**Problem statement**
Only the text belongs in the copy. Transcribe the data exactly and drop any pictures.

━━━ Material to process

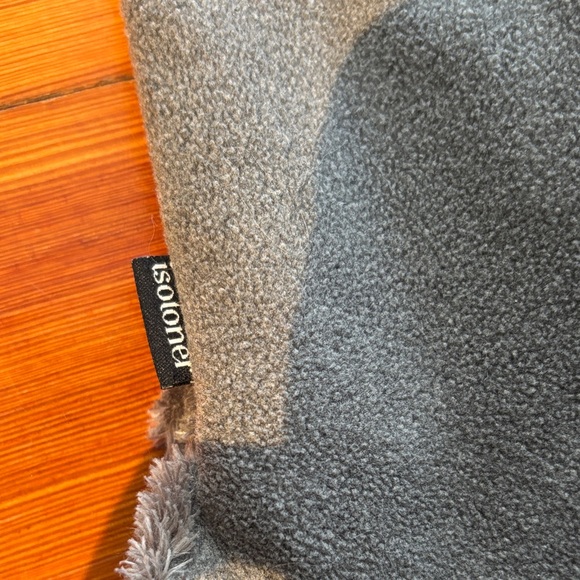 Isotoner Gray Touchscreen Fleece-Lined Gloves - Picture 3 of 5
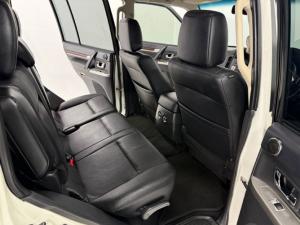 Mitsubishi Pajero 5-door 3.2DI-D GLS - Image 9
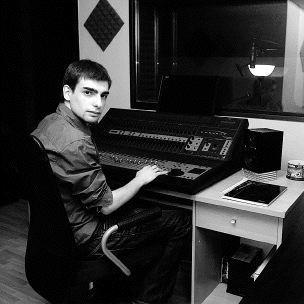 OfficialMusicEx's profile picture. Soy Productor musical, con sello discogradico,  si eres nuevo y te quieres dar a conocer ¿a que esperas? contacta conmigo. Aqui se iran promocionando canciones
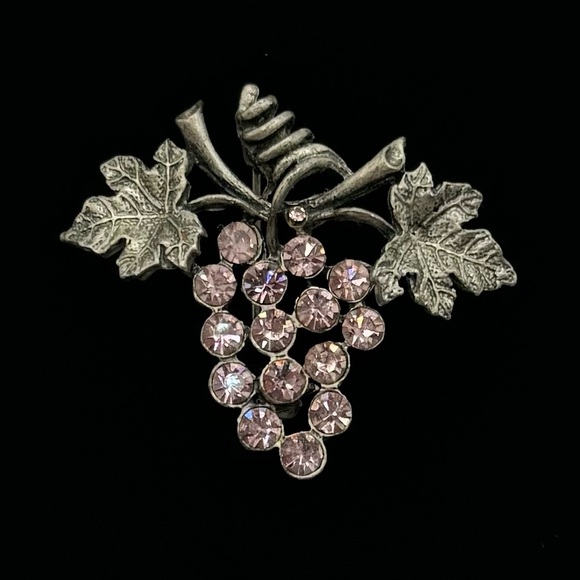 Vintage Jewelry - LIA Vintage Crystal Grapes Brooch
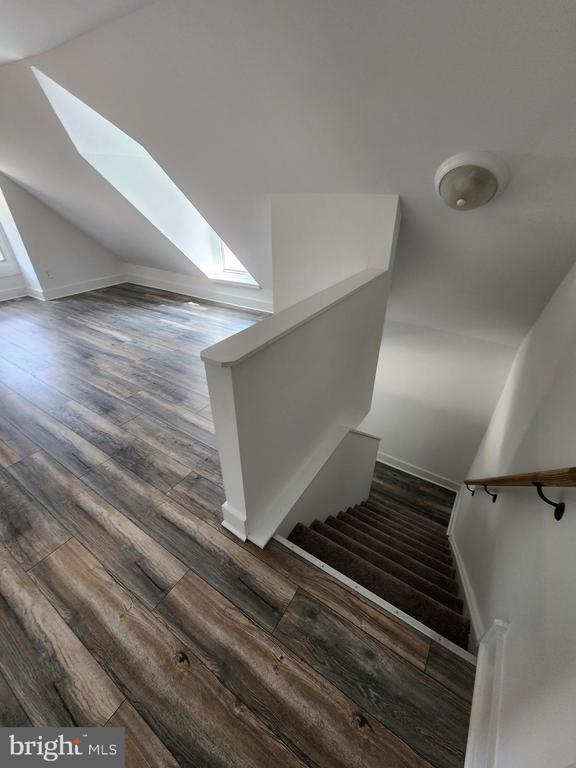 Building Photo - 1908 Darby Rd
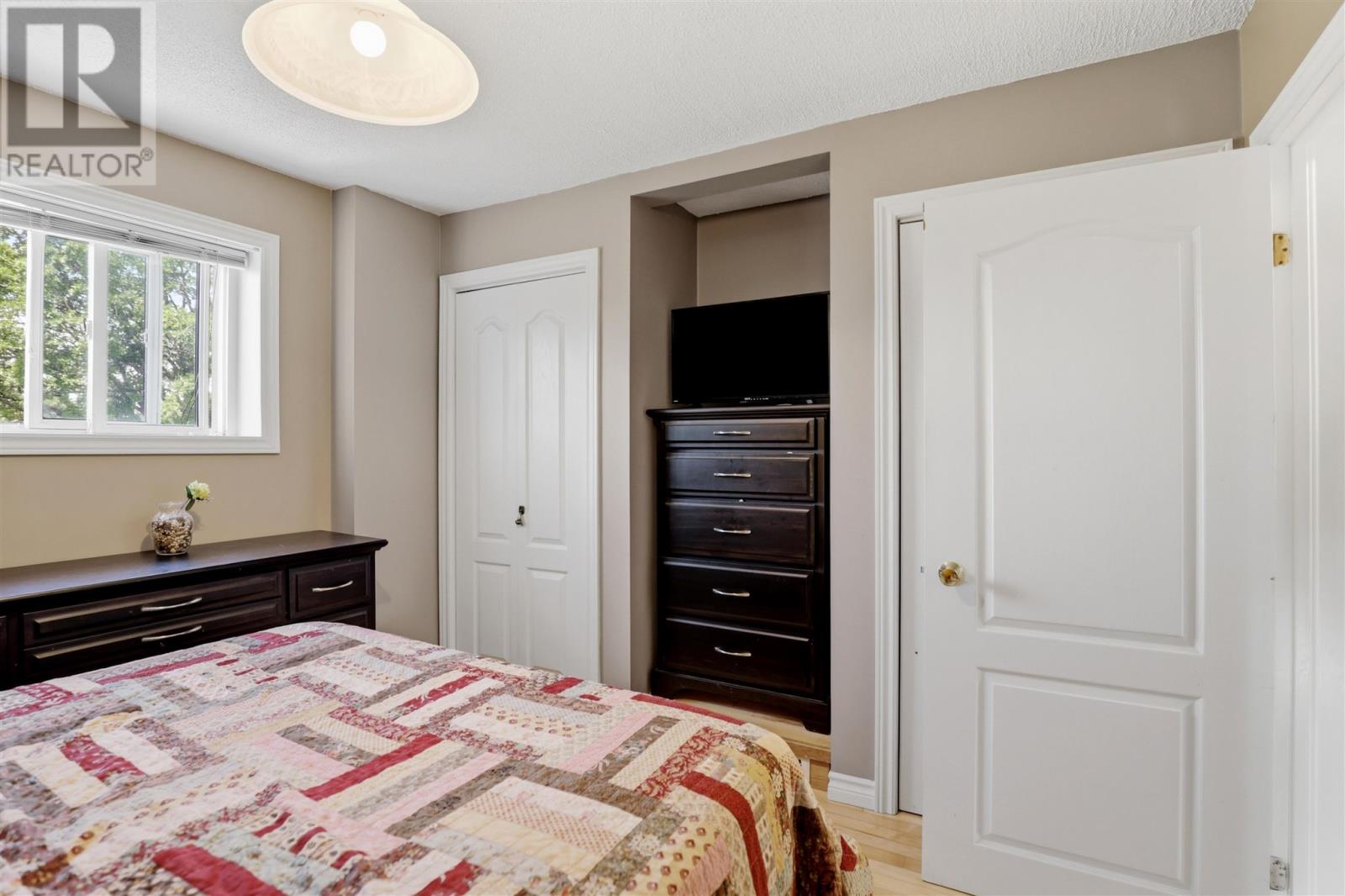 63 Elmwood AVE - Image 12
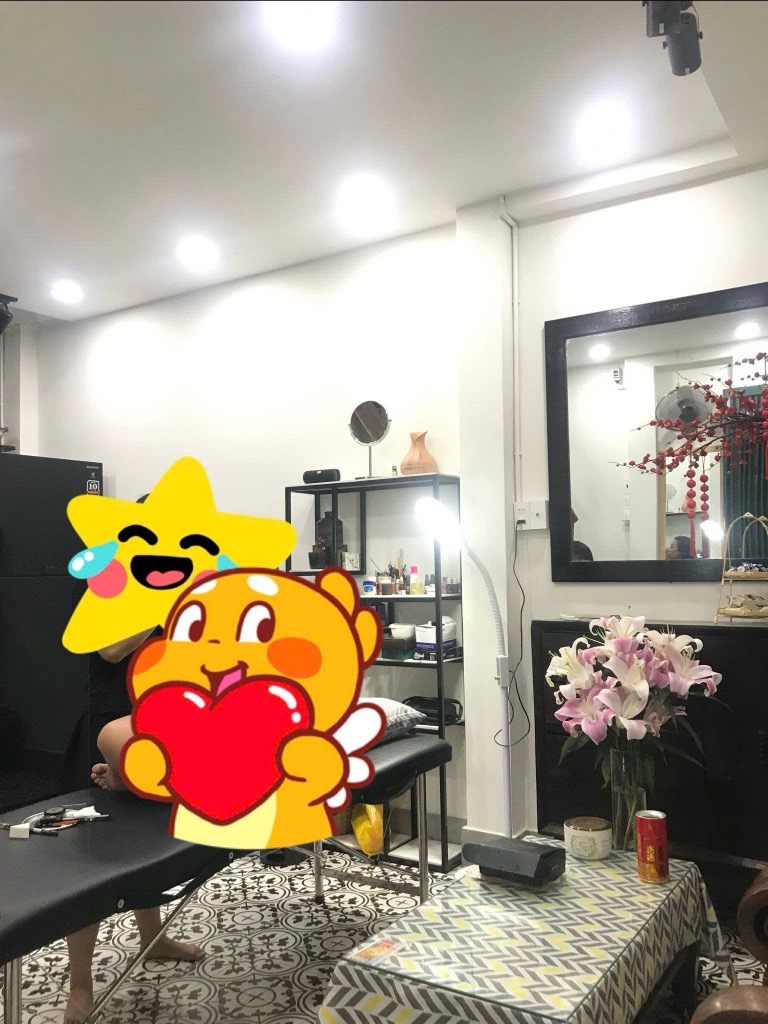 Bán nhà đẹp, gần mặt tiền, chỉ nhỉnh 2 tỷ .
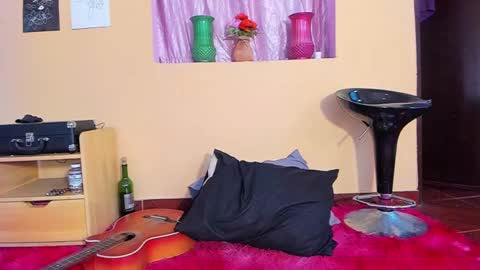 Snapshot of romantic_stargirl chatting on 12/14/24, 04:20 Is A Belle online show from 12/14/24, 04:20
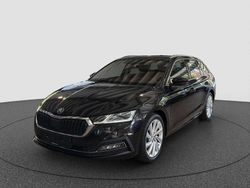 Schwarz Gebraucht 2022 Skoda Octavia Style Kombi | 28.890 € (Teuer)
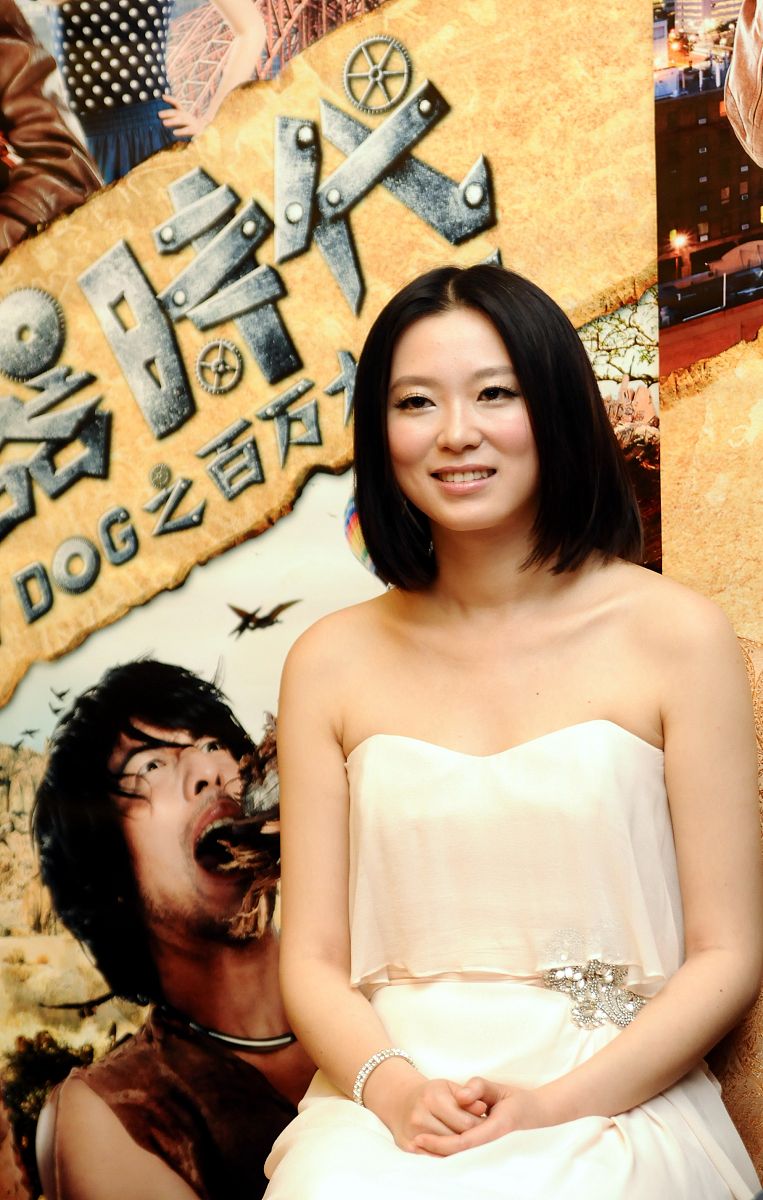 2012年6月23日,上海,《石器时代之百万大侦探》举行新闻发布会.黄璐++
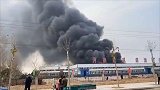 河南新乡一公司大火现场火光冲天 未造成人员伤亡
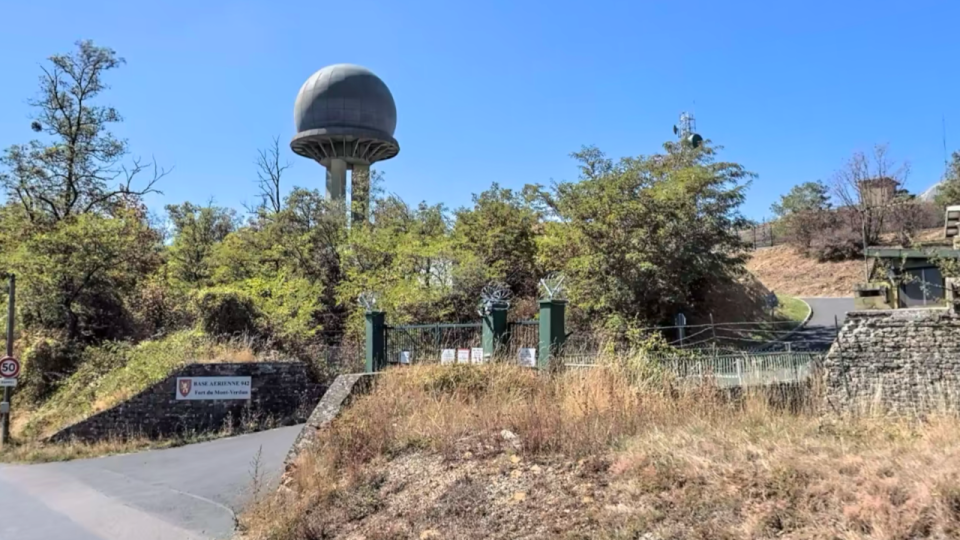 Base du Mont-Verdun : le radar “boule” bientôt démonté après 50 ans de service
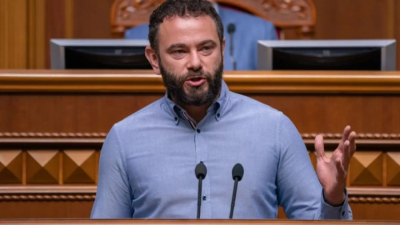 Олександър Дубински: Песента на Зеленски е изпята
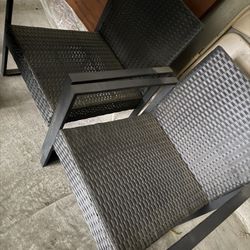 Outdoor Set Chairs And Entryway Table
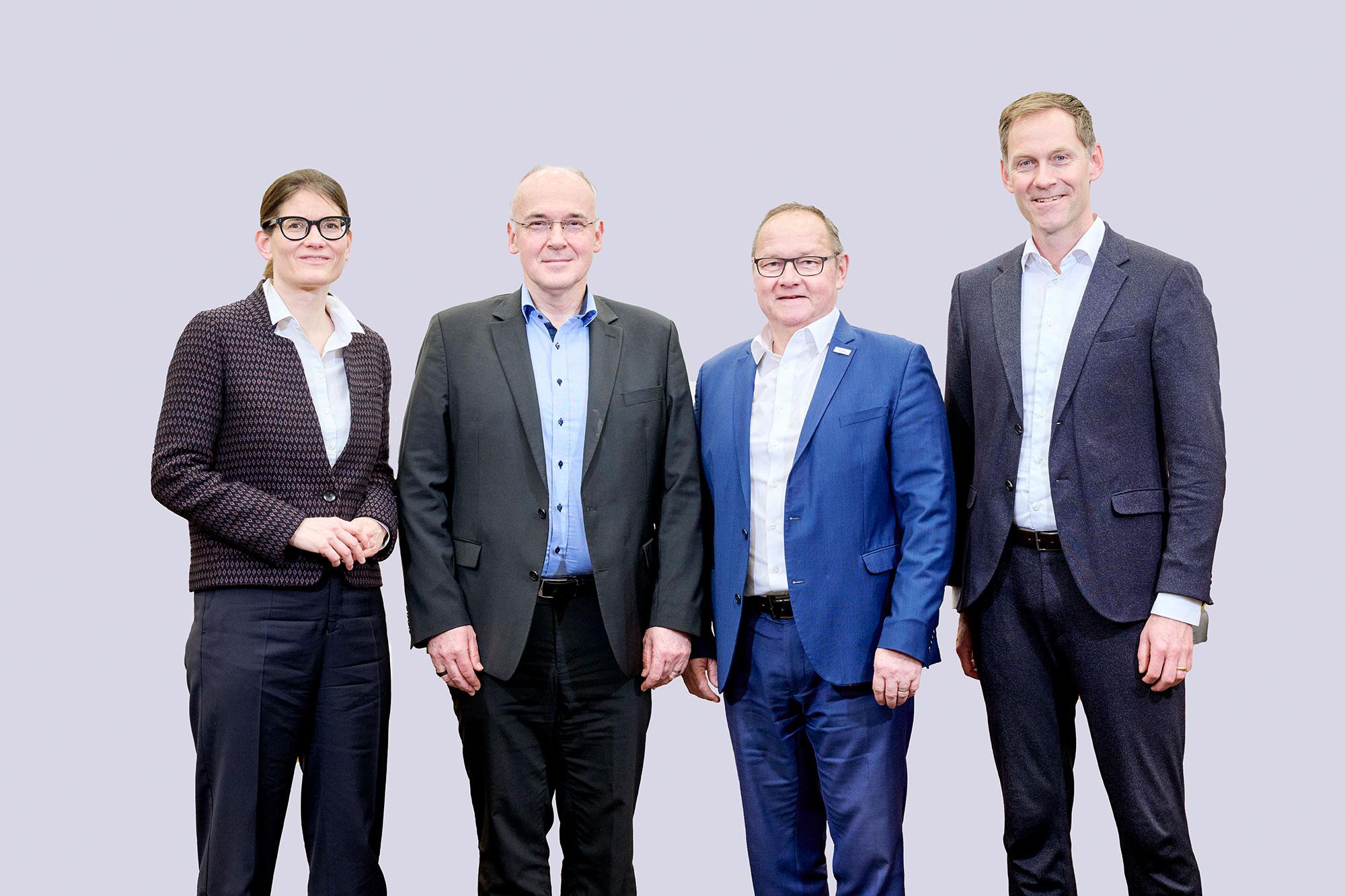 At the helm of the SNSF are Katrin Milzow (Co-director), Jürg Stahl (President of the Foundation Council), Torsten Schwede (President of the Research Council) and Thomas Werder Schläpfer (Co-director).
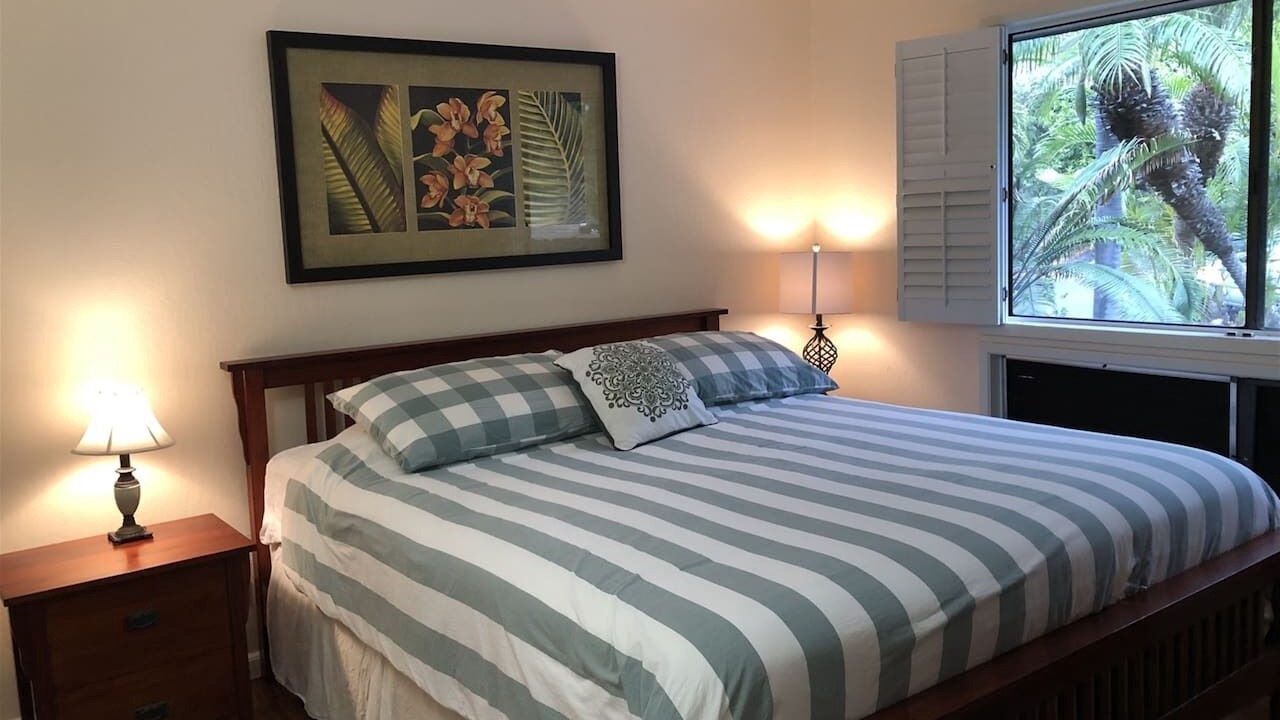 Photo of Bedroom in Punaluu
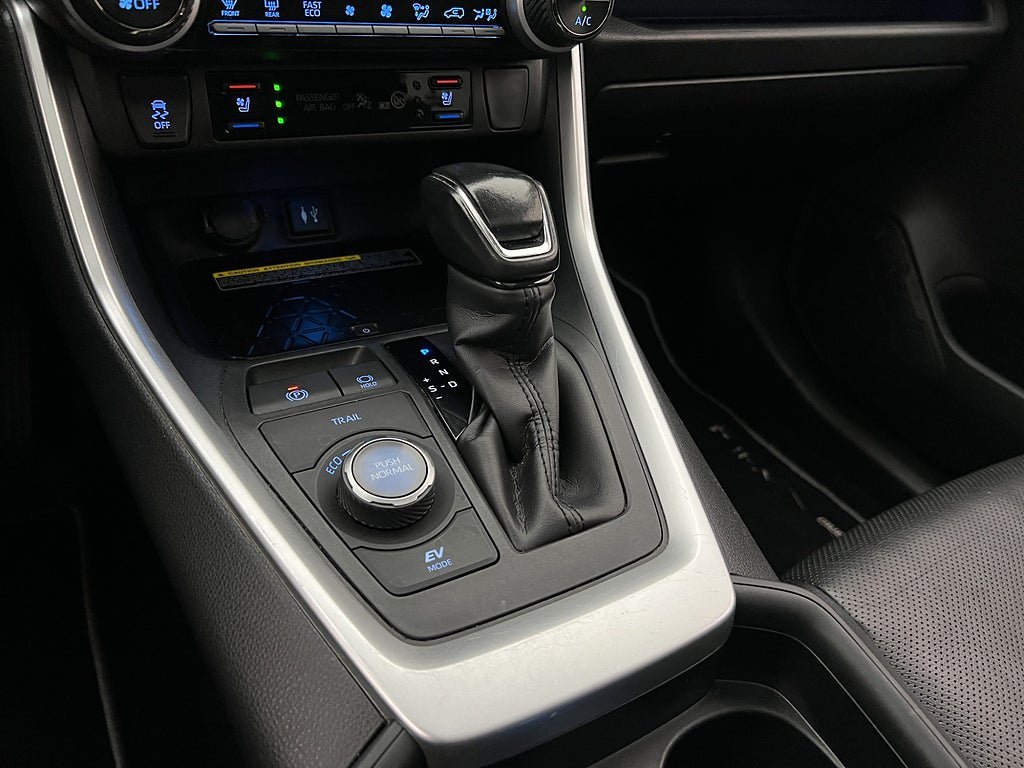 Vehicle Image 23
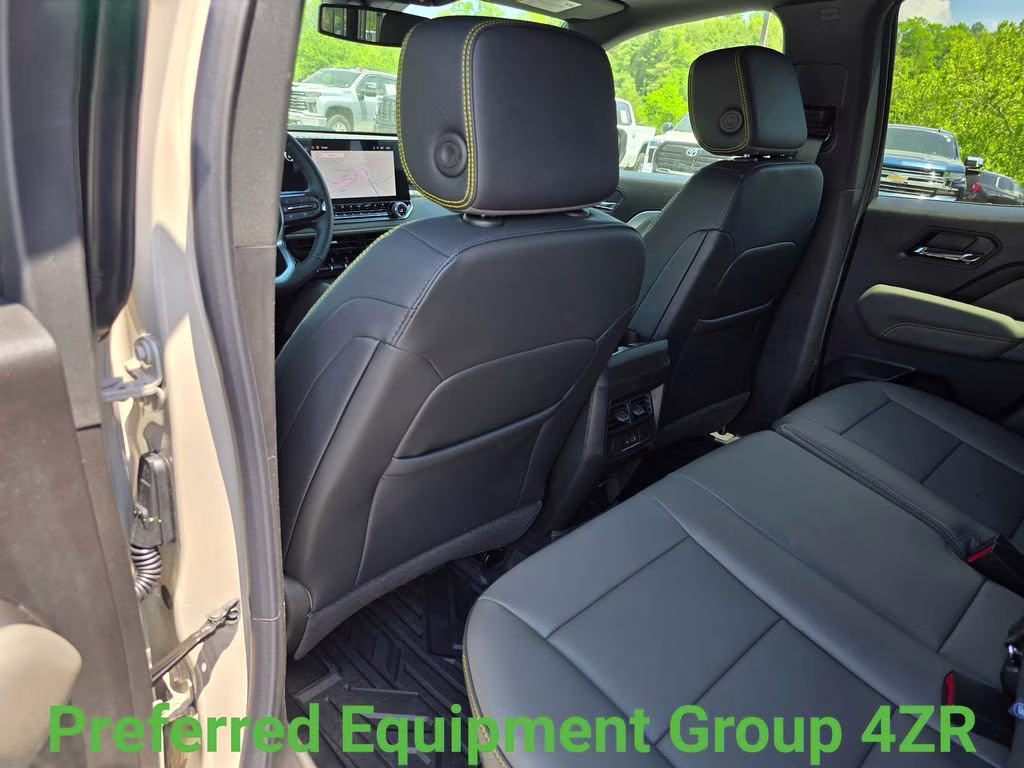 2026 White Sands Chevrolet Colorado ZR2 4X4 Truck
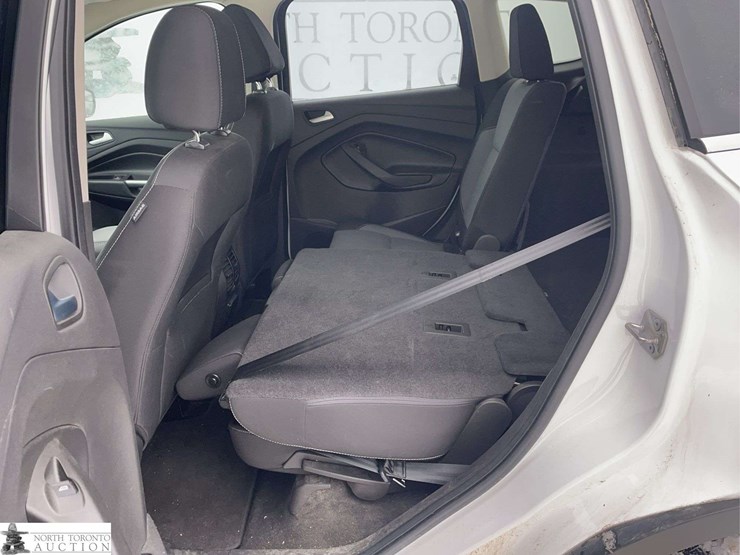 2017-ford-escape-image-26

━━━━━━

**Written reply**
 Isotoner Gray Touchscreen Fleece-Lined Gloves - Picture 3 of 5
 Mitsubishi Pajero 5-door 3.2DI-D GLS - Image 9
 OfficialMusicEx's profile picture. Soy Productor musical, con sello discogradico,  si eres nuevo y te quieres dar a conocer ¿a que esperas? contacta conmigo. Aqui se iran promocionando canciones
 Vintage Jewelry - LIA Vintage Crystal Grapes Brooch
 Building Photo - 1908 Darby Rd
 63 Elmwood AVE - Image 12
 Bán nhà đẹp, gần mặt tiền, chỉ nhỉnh 2 tỷ .
 Snapshot of romantic_stargirl chatting on 12/14/24, 04:20 Is A Belle online show from 12/14/24, 04:20
 Schwarz Gebraucht 2022 Skoda Octavia Style Kombi | 28.890 € (Teuer)
 2012年6月23日,上海,《石器时代之百万大侦探》举行新闻发布会.黄璐++
 河南新乡一公司大火现场火光冲天 未造成人员伤亡
 Base du Mont-Verdun : le radar “boule” bientôt démonté après 50 ans de service
 Олександър Дубински: Песента на Зеленски е изпята
 Outdoor Set Chairs And Entryway Table
 At the helm of the SNSF are Katrin Milzow (Co-director), Jürg Stahl (President of the Foundation Council), Torsten Schwede (President of the Research Council) and Thomas Werder Schläpfer (Co-director).
 Photo of Bedroom in Punaluu
 Vehicle Image 23
 2026 White Sands Chevrolet Colorado ZR2 4X4 Truck
 2017-ford-escape-image-26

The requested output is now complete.